Caption-style text data:
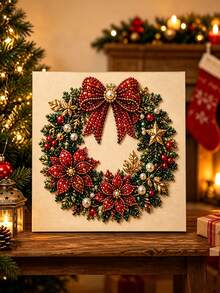 1 pieza Nueva Serie de Pintura de Perlas de Navidad, Arte de Lienzo Creativo DIY Hecho a Mano con Strass, Adecuado para Decoración de Dormitorio, Arte de Pared de Sala de Estar, Acento de Habitación, Obra de Arte, Regalo de Cumpleaños para Novia, Regalo de Vacaciones para Mejor Amiga, Navidad, Año Nuevo, Regalo del Día de San Valentín - Dibujos animados - Ver 14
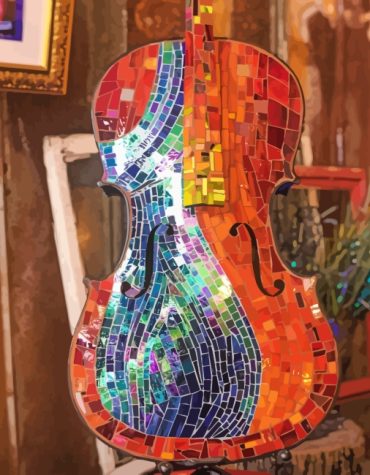 Violin Mosaic Creativity Paint By Numbers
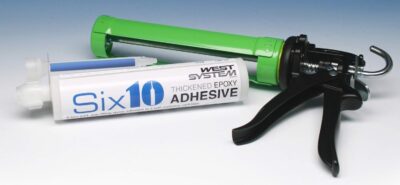 West Systems 610 Resin/Hardener Epoxy Adhesive, 190mL Cartridge, Straw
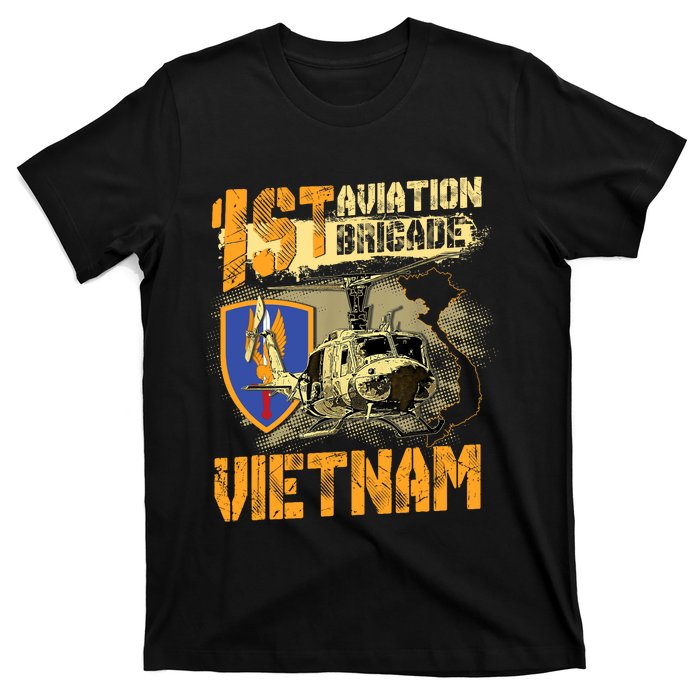 1st Aviation Brigade Vietnam Veteran Pilot  Door Gunner T-Shirt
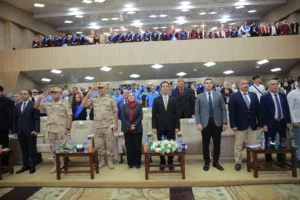 محافظ القليوبية ورئيس جامعة بنها يشهدان الندوة التثقيفية احتفالًا بذكرى انتصارات أكتوبر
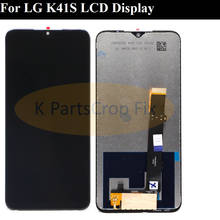 Tela lcd de toque para lg k41s, 100% testado e 6.55 ", peça de reposição para lg k41s lmk410ohm 2024 - compre barato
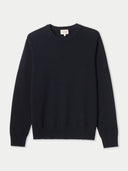 Herren Kaschmirpullover mit R-Ausschnitt Timeless| GOBI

◆ TASK ◆
Retype the data above exactly; pictures are not part of the copy.

◆ ANSWER SECTION ◆
 1 pieza Nueva Serie de Pintura de Perlas de Navidad, Arte de Lienzo Creativo DIY Hecho a Mano con Strass, Adecuado para Decoración de Dormitorio, Arte de Pared de Sala de Estar, Acento de Habitación, Obra de Arte, Regalo de Cumpleaños para Novia, Regalo de Vacaciones para Mejor Amiga, Navidad, Año Nuevo, Regalo del Día de San Valentín - Dibujos animados - Ver 14
 Violin Mosaic Creativity Paint By Numbers
 West Systems 610 Resin/Hardener Epoxy Adhesive, 190mL Cartridge, Straw
 1st Aviation Brigade Vietnam Veteran Pilot  Door Gunner T-Shirt
 محافظ القليوبية ورئيس جامعة بنها يشهدان الندوة التثقيفية احتفالًا بذكرى انتصارات أكتوبر
 Tela lcd de toque para lg k41s, 100% testado e 6.55 ", peça de reposição para lg k41s lmk410ohm 2024 - compre barato
 Herren Kaschmirpullover mit R-Ausschnitt Timeless| GOBI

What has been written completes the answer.